British journalist (1934–2006)

Robert Smithies (4 April 1934 – 31 July 2006) was a British photographer, journalist and crossword compiler. He was born in Middleton, near Rochdale, Lancashire.

Smithies began his career from school at the Manchester Evening News as a darkroom assistant, progressing to the post of photographer there and later at the Manchester Guardian.

Smithies joined Granada Television in the mid-1970s and presented a number of television programmes between then and 2005, including the regional news programme Granada Reports and Down To Earth.

Since his first cryptic crossword was accepted by The Guardian newspaper in 1966, Smithies was a regular compiler for the newspaper, under the pseudonym Bunthorne, the name taken from the leading character in the Gilbert and Sullivan light opera Patience.
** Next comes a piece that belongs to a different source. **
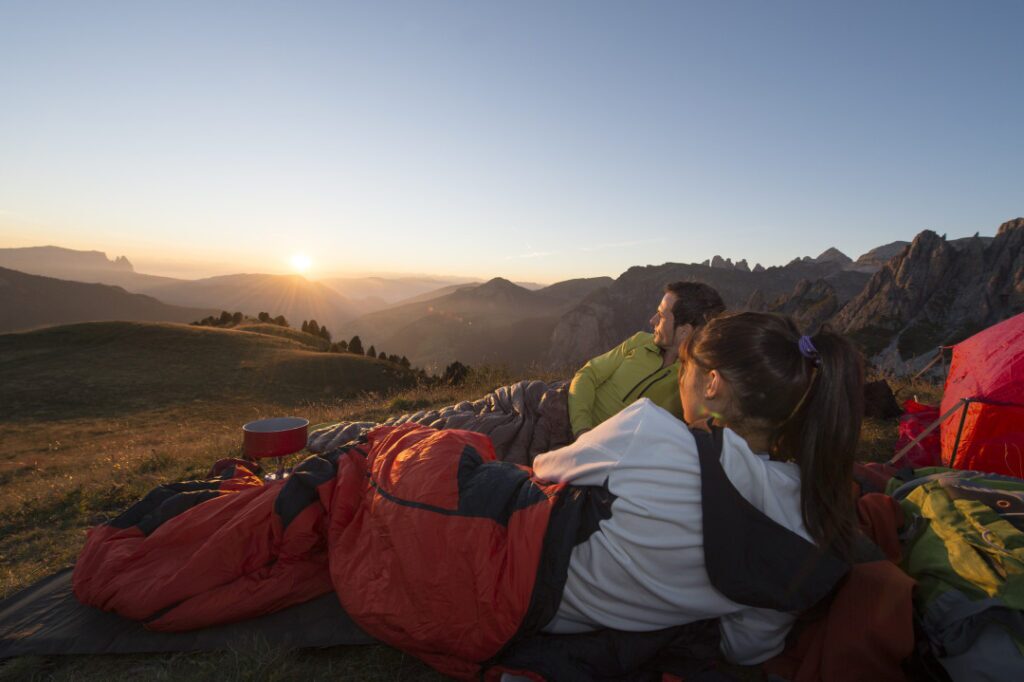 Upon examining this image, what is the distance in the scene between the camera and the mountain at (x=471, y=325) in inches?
4065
As a crossword setter his clues became known for requiring potentially obscure general knowledge, ranging from Austen and Dickens to French cheeses. One of his most famous clues was "Amundsen's forwarding address (4)" – (mush).

==Photography exhibitions==
- A Long Exposure: 100 Years of Pictures from Guardian Photographers in Manchester (1908–2008), The Lowry (Salford), October 2008 – March 2009. With Walter Doughty, Tom Stuttard, Graham Finlayson, Neil Libbert, Don McPhee and Denis Thorpe.